La vida en una calle

Dos ilustres vecinos visitan las vías del municipio que llevan su nombre

30.03.2016 | 01:15
La vida en una calle

La normativa obliga desde 2015 a dar este reconocimiento a personas ya fallecidas.

No hay mejor reconocimiento que el que se hace en vida. Francisco Bernabeu Penalva, de 92 años y jubilado de banca, y el músico Mariano Pérez Picó, de 82, son los únicos sanvicenteros que pueden presumir de poder visitar las calles que llevan su nombre y que un día se les otorgó como reconocimiento a toda una trayectoria volcada en la localidad. Una normativa, aprobada por el anterior equipo de gobierno popular, impide desde el pasado año otorgar calles a sanvicenteros hasta que éstos no hayan fallecido, según informaron fuentes municipales.

Bernabeu, que se jubiló como Director de la Obra Social de la CAM, llegó a San Vicente con solo cinco años. «Tengo una historia amplia de afecto por San Vicente», señala, «me acuerdo de mis padres y mi vida de joven y muy especialmente de la horchata que me tomaba subiendo desde la Partida Torregroses». «He trabajado mucho por San Vicente y porque la Universidad estuviera en nuestro municipio», explica Bernabeu. Sus vecinos al completo, un total de 42 familias, firmaron una petición para que el Ayuntamiento le concediera una calle en la zona de Les Escoles-El Pinet, ya que gracias a su labor incansable consiguió, entre otras cosas, que el agua corriente llegara hasta esta zona del municipio, según trasladaron las mismas fuentes.

La historia de Mariano Pérez Picó, músico y como el mismo relata «el primer violinista que tuvo San Vicente», es también una historia vinculada a su pueblo. Su currículum es amplísimo. Entre otros muchos méritos fue el fundador de la Orquesta Sinfónica y de la Escuela Municipal de Música que en la actualidad es el Conservatorio «Vicente Lillo Cánovas». A punto de cumplir los 83 años sigue ejerciendo de docente. «Si paras estás perdido» apunta mientras reflexionaba en voz alta sobre el hecho de contar con una calle con su nombre en su pueblo. «Si me lo he ganado no lo sé. Trabajé en lo que me gustaba y lo puse al servicio de San Vicente.

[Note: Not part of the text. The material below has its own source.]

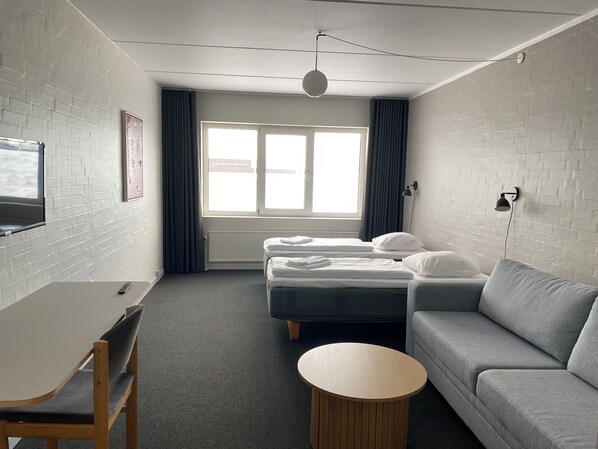 Escritorio, cunas, wifi gratis y ropa de cama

Cuando empecé no sabía lo que era un violín, eran tiempos muy difíciles y pensábamos más en comer que en otra cosa» explica Pérez Picó que dice sentirse «muy satisfecho» de haber cursado estudios musicales con «mucho sacrificio», después de ir a trabajar.

«Los reconocimientos, mientras sea posible, es mejor hacerlos en vida», asegura el alcalde de San Vicente del Raspeig, Jesús Villar. El primer edil quiso concerles en persona, ser partícipe de sus historias y visitar las calles que llevan su nombre. «Es fundamental conocer y dar a conocer la historia viva de personas que han hecho tanto por nuestro municipio», agregó el primer edil.